Xingu
Há filmes que são bons como filmes, há outros que tem sua
qualidade ligada ao momento em que são lançados, outros ainda que importam pela
“mensagem”, outros que conjugam varias destas e outras qualidades. Cada um
levantará “porquês” deste filme ser bom ou valer à pena.
Xingu é o segundo longa de Cao Hamburguer. Ele havia feito o
delicado O ano que meus pais saíram de
férias, tratando da ditadura brasileira e do desaparecimento e tortura de
ativistas de esquerda, com um cuidado que raramente se via por aqui, e muito
menos para um tema dessas dimensões emocionais. Sem pieguice, sem subterfúgios
mas sem dramalhismos: enfrentar um tema doído com coragem, distanciamento e
poesia, muito bom para algo que no Brasil até pouco tempo atrás era rareza...
fazer filmes decentemente!
E se é verdade que ainda há muito filme ruim aqui, também o
é que cada vez mais aparecem filmes que tem valores diferentes, dentre eles o
de contar nossa história, fazer cinema da história e construção da nossa
identidade, ampliar nossa identidade pela ampliação de fontes e sentidos.

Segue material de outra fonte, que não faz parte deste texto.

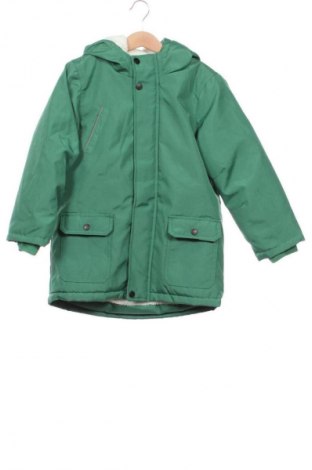 Kinderjacke Kiki & Koko, Größe 5-6y/ 116-122 cm, Farbe Grün, Preis € 22,00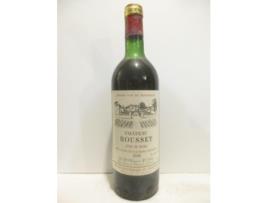 Vinho Tinto CHÂTEAU ROUSSET 1978 (75 cl - 1 unidade)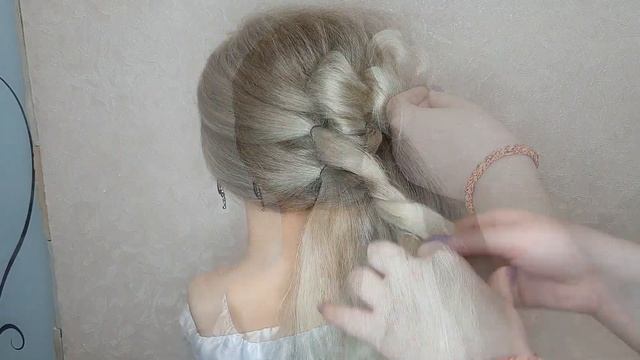 Стильная прическа 2023 / Учебник по прически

Estamos cansados de ver filmes do faroeste gringo, da
conquista do oeste, da matança dos índios, do aliciamento de uma tribo para a
conquista de outra, os forte-apaches que resistiam aos ataques e serviam como
base operacional para exploração do território desconhecido. Mas não sabemos
nada do processo que ocorreu no Brasil. O país foi achado casualmente pelos
portugueses, colonizado décadas depois e explorado até a independência. Mas só
isso?
Então aparece Xingu, conta a história da criação do Parque
Nacional do Xingu pelos irmãos Villas-Boas, e conta muito mais que isso. Fala
de um Brasil em formação, no qual os espaços eram (eram???...) leiloados por
interesses particulares; de um Brasil que pensava tornar-se unidade e que não
sabia, não soube e ainda não sabe integrar diferenças; de um Brasil que
oscilava, oscila e provavelmente oscilará entre o desenvolvimento, a
preservação e a estagnação política, econômica, cultural.
Mas fala dos irmãos atrevidos, loucos, visionários, que se
apaixonaram pelo projeto de fazer um Brasil dentro do Brasil, criando um espaço
de preservação que era, e eles o sabiam, um espaço de confinamento ao mesmo
tempo. Que viveram o drama de desejar preservar e conhecer, mas saber que naquilo
que colocassem a mão, transformariam e desapareceria o que ali existira antes
deles. Que o homem branco destrói o que quer cuidar e que o que eles mais
podiam almejar, dada essa condição, era chegar antes, para postergar ao máximo
o tempo do fim.
Com uma interpretação magistral de
João Miguel no papel de Cláudio Villas-Boas o filme merece ser visto e usado
como processo pedagógico em qualquer aula de história do Brasil, economia,
antropologia e psicologia ou, para resumir, em qualquer curso que se queira
debater quem somos nós. Talvez por ter assistido o filme no decurso da Leitura
do Mason
& Dixon do Thomas Pynchon , tenha ficado com esta questão da identidade
e da construção da nossa imagem tão forte, independente das minhas razões, cabe
a cada um aventurar-se nos descaminhos do construir-se e descobrir-se!!